▶ [Instructions for the task]: Go through the listing and write out each line exactly.

▶ [Data for this exercise]:
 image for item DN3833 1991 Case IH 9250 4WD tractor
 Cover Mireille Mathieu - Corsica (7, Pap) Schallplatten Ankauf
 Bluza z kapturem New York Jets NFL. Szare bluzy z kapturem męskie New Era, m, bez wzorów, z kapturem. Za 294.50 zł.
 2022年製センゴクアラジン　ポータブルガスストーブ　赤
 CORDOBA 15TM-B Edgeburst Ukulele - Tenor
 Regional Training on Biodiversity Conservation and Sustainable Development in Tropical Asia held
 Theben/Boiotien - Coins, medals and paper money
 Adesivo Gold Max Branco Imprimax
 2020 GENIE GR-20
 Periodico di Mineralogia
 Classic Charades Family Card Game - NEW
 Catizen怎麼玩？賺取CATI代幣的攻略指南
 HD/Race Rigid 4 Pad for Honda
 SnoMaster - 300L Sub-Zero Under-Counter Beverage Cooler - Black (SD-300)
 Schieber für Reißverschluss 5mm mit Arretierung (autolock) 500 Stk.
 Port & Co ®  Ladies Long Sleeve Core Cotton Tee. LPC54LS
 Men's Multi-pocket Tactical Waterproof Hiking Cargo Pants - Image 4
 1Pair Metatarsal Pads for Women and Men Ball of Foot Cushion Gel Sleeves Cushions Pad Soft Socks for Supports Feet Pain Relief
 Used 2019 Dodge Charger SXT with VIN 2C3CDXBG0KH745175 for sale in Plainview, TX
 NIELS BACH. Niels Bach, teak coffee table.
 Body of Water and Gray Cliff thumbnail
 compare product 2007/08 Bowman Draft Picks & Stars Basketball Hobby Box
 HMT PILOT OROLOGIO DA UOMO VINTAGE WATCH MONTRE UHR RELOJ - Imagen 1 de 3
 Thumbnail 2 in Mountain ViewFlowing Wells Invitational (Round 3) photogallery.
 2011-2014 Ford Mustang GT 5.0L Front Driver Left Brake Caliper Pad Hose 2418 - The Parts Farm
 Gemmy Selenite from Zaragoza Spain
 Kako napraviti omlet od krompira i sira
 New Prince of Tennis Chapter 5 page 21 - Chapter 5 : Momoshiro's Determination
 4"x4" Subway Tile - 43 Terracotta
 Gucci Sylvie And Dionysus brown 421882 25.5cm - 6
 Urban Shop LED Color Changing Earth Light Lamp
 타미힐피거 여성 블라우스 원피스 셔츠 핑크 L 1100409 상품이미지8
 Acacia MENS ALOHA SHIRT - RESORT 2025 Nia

▶ [Result of this exercise]:
 image for item DN3833 1991 Case IH 9250 4WD tractor
 Cover Mireille Mathieu - Corsica (7, Pap) Schallplatten Ankauf
 Bluza z kapturem New York Jets NFL. Szare bluzy z kapturem męskie New Era, m, bez wzorów, z kapturem. Za 294.50 zł.
 2022年製センゴクアラジン　ポータブルガスストーブ　赤
 CORDOBA 15TM-B Edgeburst Ukulele - Tenor
 Regional Training on Biodiversity Conservation and Sustainable Development in Tropical Asia held
 Theben/Boiotien - Coins, medals and paper money
 Adesivo Gold Max Branco Imprimax
 2020 GENIE GR-20
 Periodico di Mineralogia
 Classic Charades Family Card Game - NEW
 Catizen怎麼玩？賺取CATI代幣的攻略指南
 HD/Race Rigid 4 Pad for Honda
 SnoMaster - 300L Sub-Zero Under-Counter Beverage Cooler - Black (SD-300)
 Schieber für Reißverschluss 5mm mit Arretierung (autolock) 500 Stk.
 Port & Co ®  Ladies Long Sleeve Core Cotton Tee. LPC54LS
 Men's Multi-pocket Tactical Waterproof Hiking Cargo Pants - Image 4
 1Pair Metatarsal Pads for Women and Men Ball of Foot Cushion Gel Sleeves Cushions Pad Soft Socks for Supports Feet Pain Relief
 Used 2019 Dodge Charger SXT with VIN 2C3CDXBG0KH745175 for sale in Plainview, TX
 NIELS BACH. Niels Bach, teak coffee table.
 Body of Water and Gray Cliff thumbnail
 compare product 2007/08 Bowman Draft Picks & Stars Basketball Hobby Box
 HMT PILOT OROLOGIO DA UOMO VINTAGE WATCH MONTRE UHR RELOJ - Imagen 1 de 3
 Thumbnail 2 in Mountain ViewFlowing Wells Invitational (Round 3) photogallery.
 2011-2014 Ford Mustang GT 5.0L Front Driver Left Brake Caliper Pad Hose 2418 - The Parts Farm
 Gemmy Selenite from Zaragoza Spain
 Kako napraviti omlet od krompira i sira
 New Prince of Tennis Chapter 5 page 21 - Chapter 5 : Momoshiro's Determination
 4"x4" Subway Tile - 43 Terracotta
 Gucci Sylvie And Dionysus brown 421882 25.5cm - 6
 Urban Shop LED Color Changing Earth Light Lamp
 타미힐피거 여성 블라우스 원피스 셔츠 핑크 L 1100409 상품이미지8
 Acacia MENS ALOHA SHIRT - RESORT 2025 Nia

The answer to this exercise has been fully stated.